GM’s announcement comes on the heels of last week’s news that Delphi Automotive—the parts company that was spun off by GM in 1999 and has now declared bankruptcy—will eliminate two-thirds of its workforce, or 24,000 workers. The company is also seeking to impose a 60 percent wage cut on its workers and abandon its pension obligations.
Ford Motor Company is expected to release its own plant closing and job-cutting plans by the end of the year. Last week, the number two US auto maker told employees it plans to eliminate 4,000 white collar jobs in North America early next year as part of its restructuring plan. The cuts will be in addition to 2,750 North American salaried jobs that Ford earlier announced it wanted to cut by the end of 2005. Ford’s former parts maker, Visteon Corporation, recently announced 1,500 job cuts.
Last year, 90,000 automotive jobs were wiped out in the US. This is part of an international trend as corporations grapple with a crisis of global overcapacity in the auto industry and seek to shift production to countries with far lower wages. Volkswagen, for example, is expected to announce plans to wipe out 14,000 jobs, the majority in Germany.

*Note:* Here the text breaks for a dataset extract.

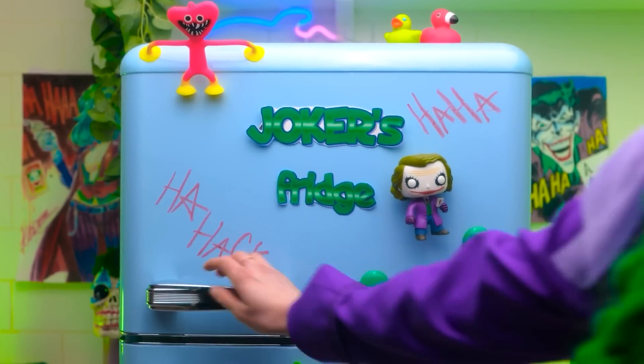All right, it's time to see what's in the fridge! Oh, did I leave ice here? Let's see what's inside and open it up!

The United Auto Workers union made clear that it will not oppose the destruction of jobs at GM. In a statement Monday, the UAW described the catastrophe facing auto workers as “disappointing, unfair and unfortunate” and said that the plant closings and mass layoffs would be part of the negotiations for a new contract with GM in 2007. Under the terms of the current agreement, GM is supposedly prohibited from closing plants, so the auto maker “ceases production” at targeted facilities and then negotiates with the union to close them.
The UAW has long collaborated with the auto bosses in cutting the jobs and living standards of auto workers in order to boost the competitiveness of the US auto companies against their Japanese and European rivals. Monday’s announcement coincided with news reports that the UAW was in negotiations with Ford and Chrysler to impose health care concessions similar to those ceded to General Motors.

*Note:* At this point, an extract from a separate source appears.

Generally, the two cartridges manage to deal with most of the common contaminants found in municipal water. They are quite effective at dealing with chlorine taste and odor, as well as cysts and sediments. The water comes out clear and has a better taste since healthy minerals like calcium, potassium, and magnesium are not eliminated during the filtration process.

GM’s announcement underscores the utter failure of the United Auto Workers and the rest of the official unions. The crisis facing the working class, and the increasingly ruthless attacks by big business, cannot be answered through bureaucratic organizations that uphold the profit system, are based on a nationalist perspective, and oppose an independent political movement of the working class.
Auto workers must be united and mobilized on an international scale to fight the assault on jobs, wages and working conditions which is being mounted by transnational corporations that scour the globe for the cheapest possible labor. This is above all a political struggle. It requires the building of a party of the working class, completely independent of the Democratic and Republican parties, that fights for a socialist program, including the nationalization of the auto companies and their transformation into publicly-owned and democratically controlled enterprises. The satisfaction of human and social needs, not the accumulation of personal wealth, must become the driving principle of economic life.
See Also:
Delphi demands US auto workers accept poverty wages
[1 November 2005]
UAW-GM deal: a new stage in the corporate assault on American workers
[24 October 2005]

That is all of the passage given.